▸ Problem details
Would you write out each line of the material below exactly, skipping every picture?

====== Dataset content ======

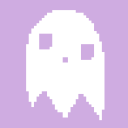 nobody-lavender avatar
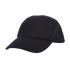 Hermes Baseball Cap, front view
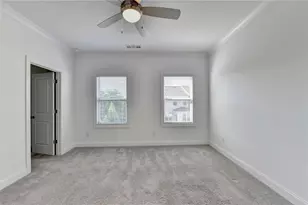 4365 Sims Pk Overlook, Suwanee, GA 30024 - Photo 34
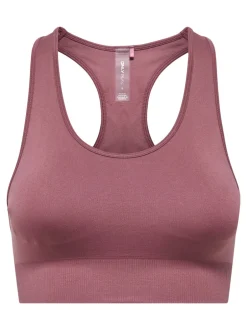 New ONPDAISY-2 Sports bh Dame Sports-Bh'Er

======

▸ Completed task
 nobody-lavender avatar
 Hermes Baseball Cap, front view
 4365 Sims Pk Overlook, Suwanee, GA 30024 - Photo 34
 New ONPDAISY-2 Sports bh Dame Sports-Bh'Er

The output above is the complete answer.